Background: Frail Veterans are at increased risk for poor surgical outcomes. Although
surgeons operate safely on even the oldest old, if the elder is also frail, the stress of
surgery can result in significant mortality, morbidity, and institutionalization. Frailty is
a clinical syndrome marked by muscle atrophy, diminished strength, decreased physical
activity, and exhaustion. It is independent of any specific disease, but it increases with
age, and is a more powerful predictor of increased perioperative mortality, morbidity, length
of stay, and cost than predictions based on age or comorbidity alone. As the Veteran and US
populations grow older and more frail, it is critically important to identify effective
strategies for improving the surgical outcomes of these patients.
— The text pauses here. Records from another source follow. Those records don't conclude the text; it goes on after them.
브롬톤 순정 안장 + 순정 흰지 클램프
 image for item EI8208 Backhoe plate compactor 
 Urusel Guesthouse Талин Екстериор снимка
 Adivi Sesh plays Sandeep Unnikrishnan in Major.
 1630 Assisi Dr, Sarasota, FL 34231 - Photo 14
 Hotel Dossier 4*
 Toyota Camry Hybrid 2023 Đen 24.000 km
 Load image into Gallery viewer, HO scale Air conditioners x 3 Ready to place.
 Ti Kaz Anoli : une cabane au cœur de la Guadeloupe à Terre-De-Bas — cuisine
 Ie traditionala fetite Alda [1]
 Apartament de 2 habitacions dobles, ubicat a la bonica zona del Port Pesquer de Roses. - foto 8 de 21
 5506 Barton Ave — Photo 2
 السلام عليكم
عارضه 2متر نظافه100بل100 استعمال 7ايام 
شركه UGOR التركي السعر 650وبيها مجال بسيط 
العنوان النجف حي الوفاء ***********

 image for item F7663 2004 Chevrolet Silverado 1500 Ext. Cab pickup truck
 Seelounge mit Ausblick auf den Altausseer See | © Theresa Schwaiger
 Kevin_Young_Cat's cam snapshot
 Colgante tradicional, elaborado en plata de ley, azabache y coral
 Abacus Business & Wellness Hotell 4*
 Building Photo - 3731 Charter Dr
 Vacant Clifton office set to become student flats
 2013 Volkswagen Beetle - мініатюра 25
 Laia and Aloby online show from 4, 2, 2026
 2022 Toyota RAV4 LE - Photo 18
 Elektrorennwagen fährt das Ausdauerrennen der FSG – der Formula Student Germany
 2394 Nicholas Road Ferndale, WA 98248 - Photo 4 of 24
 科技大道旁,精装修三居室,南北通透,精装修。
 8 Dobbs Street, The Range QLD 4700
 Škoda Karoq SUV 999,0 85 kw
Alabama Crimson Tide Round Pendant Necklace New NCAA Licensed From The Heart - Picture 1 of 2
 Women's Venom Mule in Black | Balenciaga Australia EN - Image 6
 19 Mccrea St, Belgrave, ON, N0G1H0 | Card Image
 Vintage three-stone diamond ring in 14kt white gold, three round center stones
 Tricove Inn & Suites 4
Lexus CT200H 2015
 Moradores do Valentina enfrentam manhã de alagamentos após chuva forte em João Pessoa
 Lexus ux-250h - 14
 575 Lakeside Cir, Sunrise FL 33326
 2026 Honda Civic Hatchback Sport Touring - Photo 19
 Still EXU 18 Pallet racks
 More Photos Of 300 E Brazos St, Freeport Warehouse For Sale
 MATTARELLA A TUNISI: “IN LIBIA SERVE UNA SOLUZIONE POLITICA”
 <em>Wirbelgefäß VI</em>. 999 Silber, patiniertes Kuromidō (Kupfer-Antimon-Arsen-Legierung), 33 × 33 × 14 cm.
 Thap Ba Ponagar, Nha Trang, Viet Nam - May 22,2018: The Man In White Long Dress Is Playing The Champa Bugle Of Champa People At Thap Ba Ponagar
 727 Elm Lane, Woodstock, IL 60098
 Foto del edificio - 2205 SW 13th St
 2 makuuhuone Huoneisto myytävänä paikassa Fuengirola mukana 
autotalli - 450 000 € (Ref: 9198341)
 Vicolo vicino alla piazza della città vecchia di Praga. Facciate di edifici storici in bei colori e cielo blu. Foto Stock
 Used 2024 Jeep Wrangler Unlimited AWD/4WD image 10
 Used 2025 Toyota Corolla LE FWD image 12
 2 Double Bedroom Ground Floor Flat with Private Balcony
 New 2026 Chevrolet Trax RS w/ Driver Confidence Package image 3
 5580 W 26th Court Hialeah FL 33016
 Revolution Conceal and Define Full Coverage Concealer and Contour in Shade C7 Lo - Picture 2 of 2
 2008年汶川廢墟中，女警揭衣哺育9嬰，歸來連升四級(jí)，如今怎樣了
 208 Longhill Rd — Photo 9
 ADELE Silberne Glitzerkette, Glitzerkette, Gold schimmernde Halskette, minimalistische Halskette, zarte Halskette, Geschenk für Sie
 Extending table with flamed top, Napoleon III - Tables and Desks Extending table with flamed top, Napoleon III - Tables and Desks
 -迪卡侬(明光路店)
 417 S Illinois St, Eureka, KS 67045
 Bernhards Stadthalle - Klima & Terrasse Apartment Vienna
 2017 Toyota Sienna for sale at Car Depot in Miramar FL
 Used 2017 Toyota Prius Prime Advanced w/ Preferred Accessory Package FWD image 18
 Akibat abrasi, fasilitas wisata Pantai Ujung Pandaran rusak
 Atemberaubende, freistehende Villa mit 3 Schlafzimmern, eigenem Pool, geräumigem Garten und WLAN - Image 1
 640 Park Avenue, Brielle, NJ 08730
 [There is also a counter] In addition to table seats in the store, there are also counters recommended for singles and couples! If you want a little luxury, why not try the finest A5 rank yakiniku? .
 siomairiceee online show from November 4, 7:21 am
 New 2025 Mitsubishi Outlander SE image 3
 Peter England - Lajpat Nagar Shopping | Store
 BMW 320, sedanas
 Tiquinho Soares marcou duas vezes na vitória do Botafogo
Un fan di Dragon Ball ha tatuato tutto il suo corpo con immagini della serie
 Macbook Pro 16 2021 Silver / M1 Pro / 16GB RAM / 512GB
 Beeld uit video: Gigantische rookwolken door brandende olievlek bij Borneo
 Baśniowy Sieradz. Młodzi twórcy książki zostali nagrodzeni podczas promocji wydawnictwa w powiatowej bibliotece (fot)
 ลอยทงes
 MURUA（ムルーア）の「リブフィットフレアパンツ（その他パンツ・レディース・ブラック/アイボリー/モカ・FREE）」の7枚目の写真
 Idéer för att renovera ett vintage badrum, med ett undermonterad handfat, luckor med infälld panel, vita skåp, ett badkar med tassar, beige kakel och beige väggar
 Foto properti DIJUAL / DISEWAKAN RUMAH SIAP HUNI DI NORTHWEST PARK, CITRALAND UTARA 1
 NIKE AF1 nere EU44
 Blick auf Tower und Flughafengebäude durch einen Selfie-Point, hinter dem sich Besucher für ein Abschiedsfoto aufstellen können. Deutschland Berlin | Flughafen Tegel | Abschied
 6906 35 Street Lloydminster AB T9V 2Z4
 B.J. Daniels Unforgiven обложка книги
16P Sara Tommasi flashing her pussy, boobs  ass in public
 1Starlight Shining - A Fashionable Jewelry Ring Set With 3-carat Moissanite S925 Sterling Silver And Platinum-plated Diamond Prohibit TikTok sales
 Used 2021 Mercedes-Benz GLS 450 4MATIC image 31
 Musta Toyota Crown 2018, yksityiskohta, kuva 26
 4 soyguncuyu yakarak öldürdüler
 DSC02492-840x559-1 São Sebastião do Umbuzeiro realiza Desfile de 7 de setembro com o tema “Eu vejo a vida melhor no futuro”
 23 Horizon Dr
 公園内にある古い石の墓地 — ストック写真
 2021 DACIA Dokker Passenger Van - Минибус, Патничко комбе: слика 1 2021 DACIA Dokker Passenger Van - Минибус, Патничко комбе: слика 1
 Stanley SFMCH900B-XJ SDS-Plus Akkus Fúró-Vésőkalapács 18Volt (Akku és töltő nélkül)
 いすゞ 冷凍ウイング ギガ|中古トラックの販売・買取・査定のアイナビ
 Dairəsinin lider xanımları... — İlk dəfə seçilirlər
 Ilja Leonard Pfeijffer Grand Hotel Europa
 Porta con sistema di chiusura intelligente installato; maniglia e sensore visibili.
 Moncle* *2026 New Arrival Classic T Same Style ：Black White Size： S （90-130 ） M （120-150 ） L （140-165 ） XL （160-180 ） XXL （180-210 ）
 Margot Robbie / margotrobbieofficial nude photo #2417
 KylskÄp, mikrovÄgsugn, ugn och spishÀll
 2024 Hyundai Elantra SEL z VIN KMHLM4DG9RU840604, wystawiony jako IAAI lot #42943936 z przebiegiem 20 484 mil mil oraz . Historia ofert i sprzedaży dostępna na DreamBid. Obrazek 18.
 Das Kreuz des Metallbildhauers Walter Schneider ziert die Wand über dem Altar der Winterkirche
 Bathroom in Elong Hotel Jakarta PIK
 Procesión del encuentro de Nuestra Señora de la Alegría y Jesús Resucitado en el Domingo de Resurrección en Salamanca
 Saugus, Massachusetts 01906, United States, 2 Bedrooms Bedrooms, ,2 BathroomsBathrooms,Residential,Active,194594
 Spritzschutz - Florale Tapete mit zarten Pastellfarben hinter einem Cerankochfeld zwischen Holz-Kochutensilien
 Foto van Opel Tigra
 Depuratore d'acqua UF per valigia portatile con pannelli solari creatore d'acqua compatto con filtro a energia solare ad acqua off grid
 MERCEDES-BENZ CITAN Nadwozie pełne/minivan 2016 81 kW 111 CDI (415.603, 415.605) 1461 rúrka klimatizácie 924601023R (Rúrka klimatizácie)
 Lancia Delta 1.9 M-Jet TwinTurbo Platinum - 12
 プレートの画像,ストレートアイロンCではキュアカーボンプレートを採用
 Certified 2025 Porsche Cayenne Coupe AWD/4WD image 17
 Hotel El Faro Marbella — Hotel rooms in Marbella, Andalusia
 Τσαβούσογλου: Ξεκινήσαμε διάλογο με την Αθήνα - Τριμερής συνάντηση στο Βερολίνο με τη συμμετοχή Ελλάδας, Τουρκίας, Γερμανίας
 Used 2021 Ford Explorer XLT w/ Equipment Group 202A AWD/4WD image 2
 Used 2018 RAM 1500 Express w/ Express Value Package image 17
"Prehabilitation" has the potential to improve surgical outcomes among the frail. Prior
research demonstrates that inter-disciplinary rehabilitation strategies deployed after
surgery enhance recovery and improve outcomes by building strength, improving nutrition, and
optimizing home supports. Based on this success, there is growing interest in deploying
similar interventions before surgery in what some call "prehabilitation." By modifying
physiological and environmental risks, prehabilitation aims to augment patients' capacity to
compensate for the stress of both surgery and recovery. Frail patients will likely benefit
disproportionately from prehabilitation because they have the most diminished capacity to
adapt to the stress of surgery. However, prehabilitation has not yet been studied in either
Veteran or specifically frail populations.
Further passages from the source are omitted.